NEW YORK (Reuters) - Benchmark U.S. Treasury yields rose on Friday on a report that Germany may be open to running a deficit to boost growth, while stronger stock markets also reduced demand for safe haven debt.
Government bond yields plunged this week on concerns about global growth and the closely-watched U.S. yield curve between two-year and 10-year notes inverted for the first time since 2007 on Wednesday, signaling a U.S. recession is likely in one-to-two years.
As economic data worsens, central banks globally are expected to adopt increasingly dovish monetary policies to loosen financial conditions.
With much of the European government bond market offering negative yields, however, there is concern that central banks are out of ammunition and that governments will need to turn to fiscal stimulus to bolster their economies.
Treasury yields jumped after Der Spiegel magazine reported that Germany’s right-left coalition government would be prepared to ditch its balanced budget rule and take on new debt to counter a possible recession.
Benchmark 10-year notes were last down 6/32 in price to yield 1.547%, up from a three-year low of 1.475% on Thursday.
Concerns about growth are expected to remain as the U.S.-China trade war shows no signs of resolution.
“The market is attempting to gauge the extent, duration and magnitude of the fallout from the trade war,” said Ian Lyngen, head of U.S. rates strategy at BMO Capital Markets in New York.
Trade tensions likely contributed to a drop in consumer sentiment early this month, which fell to its lowest level since January.
The Federal Reserve is seen as certain to cut rates when it meets next month, despite saying in July that further rate decreases may not be needed following its first cut in over a decade.

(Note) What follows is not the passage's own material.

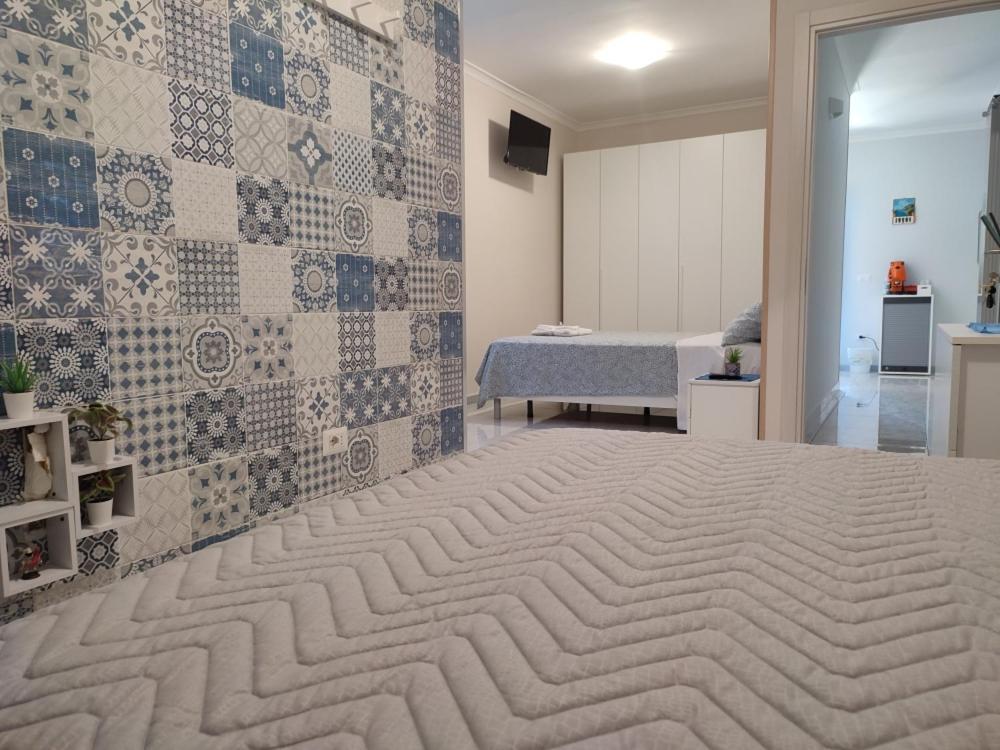 Midway House Italy Hotel Sant'Egidio del Monte Albino Buitenkant foto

Interest rate futures traders are pricing in an 81% chance of a 25-basis-point cut in September and a 19% chance of a 50-basis-point one, according to the CME Group’s FedWatch tool.
Fed Chairman Jerome Powell is due to speak at the Fed’s economic symposium in Jackson Hole, Wyoming, on Aug. 23. His comments will be closely evaluated for any shift in his stance on future easing.
Plunging yields across the globe have also sent investors to longer-dated debt to capture returns. Thirty-year Treasury bond yields fell to a record low of 1.916% on Thursday. They were last 2.008%.